Podejrzana kobieta urodziła chłopczyka we własnym mieszkaniu. Po całym zajściu wyrzuciła go przez okno z pierwszego piętra. Noworodka nie udało się odratować.
Bezpośrednio po porodzie kobieta wyrzuciła niemowlę na podwórze przy budynku przez okno łazienki znajdujące się na pierwszym piętrze. Dziecko zostało znalezione przez przypadkową osobę, która przechodziła w pobliżu budynku. Pomimo podjętej akcji ratunkowej i późniejszej hospitalizacji noworodka nie zdołano uratować.

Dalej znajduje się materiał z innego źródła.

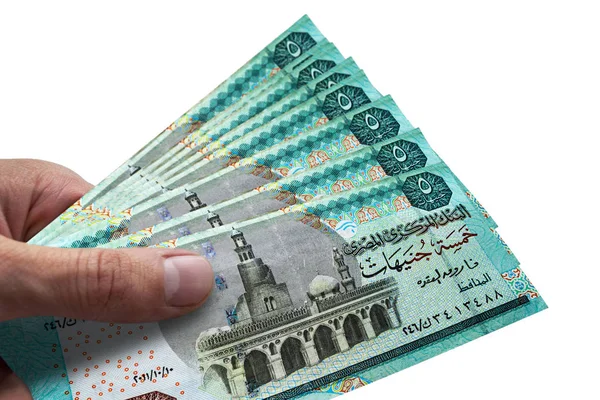 Hand hält ägyptische Pfund. egp. Währung Ägyptens. — Stockfoto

Śledztwo wykazało, iż bezpośrednią przyczyną śmierci chłopczyka, były obrażenia ciała w postaci urazu wielonarządowego głowy, klatki piersiowej i jamy brzusznej, będące wynikiem doznanego urazu mechanicznego spowodowanego upadkiem na twardą nawierzchnię.
[ZOBACZ: SKANDAL w agencji towarzyskiej: 12-latka POMAGAŁA matce!]
Podejrzana została zatrzymana przez funkcjonariuszy Policji, a następnie na wniosek prokuratora tymczasowo aresztowana. Za popełnienie zbrodni kobiecie grozi minimum 8 lat, 25 lat pozbawienia wolności lub dożywocie. Nasza redakcjo uważa, że dożywocie to zdecydowanie za niski wymiar kary.